‘Mad Apple’ in Las Vegas replicates the energy of New York

The energy exhibited during a performance of Cirque du Soleil’s Mad Apple is a bit overwhelming at times—much like the city the show salutes through a series of vignettes, some comical, some acrobatic, some a bit profane. Through it all, the Cirque troupe lovingly replicates the bustling vibe of the City That Never Sleeps.

Everything about this show screams motion—bodies are constantly moving and flying across the stage; there’s a bar set up in front of the stage prior to showtime, with both bartenders displaying their flair skills for the crowd. Heck, even the live band, including a trumpeter, saxophonist, keyboard player and drummer, can’t sit still, twisting and turning in their perches above the proceedings, and even joining the zaniness on stage from time to time!

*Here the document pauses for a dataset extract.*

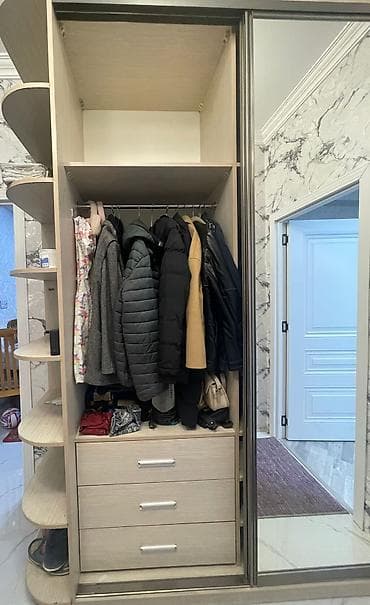 teze dolablar: İşlənmiş, 2 qapılı, Güzgülü, Bej, Digər material, Kupe, Düz dolab — 3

As your ears are treated to live versions of songs like “New York State of Mind,” “Summertime” and “Rhapsody in Blue,” your eyes are treated to some of the best Cirque acts the Strip has to offer:

• A juggler who exudes confidence (and more than a bit of sexiness) as he throws juggling pins high into the air, catching them from all angles;

• A diabolo artist who keeps adding yo-yos without skipping a single beat;

• Basketball dunkers who seem to almost be on the verge of vaulting into audience members seated at the sides of the stage (Of course they never do, and in the process show off impeccable timing);

• A woman who hangs from a harness by her long hair and performs a full routine that way, spinning, cavorting and displaying a gracefulness most of us would not possess were our follicles in danger;

• Two performers who make the entire audience hold its breath while they flip each other through the air using only the power of their legs;

• A strongman who’s harnessed into place on a large contraption and grabs a woman by the arms, flipping and flinging her into the air using only his arm strength;

• A hand balancer who’s as graceful as he is lithe and sinewy;

• Aerialists who spin around the stage and over some of the audience, as well as floor acrobats who jump through hoops that get progressively higher and higher.

There’s also plenty of humor, most of it supplied by comedian Harrison Greenbaum, an America’s Got Talent alumnus who even performs a bit of magic in between the hilarious jokes and audience banter. Another comedic highlight involves the show’s “stage manager” displaying his talents when it comes to shadow puppets. (Spoiler alert and a surprise to absolutely no one: It’s for adults only!)

Speaking of hand gestures, yes, there are plenty of “Bronx salutes” in this show—would you expect anything less?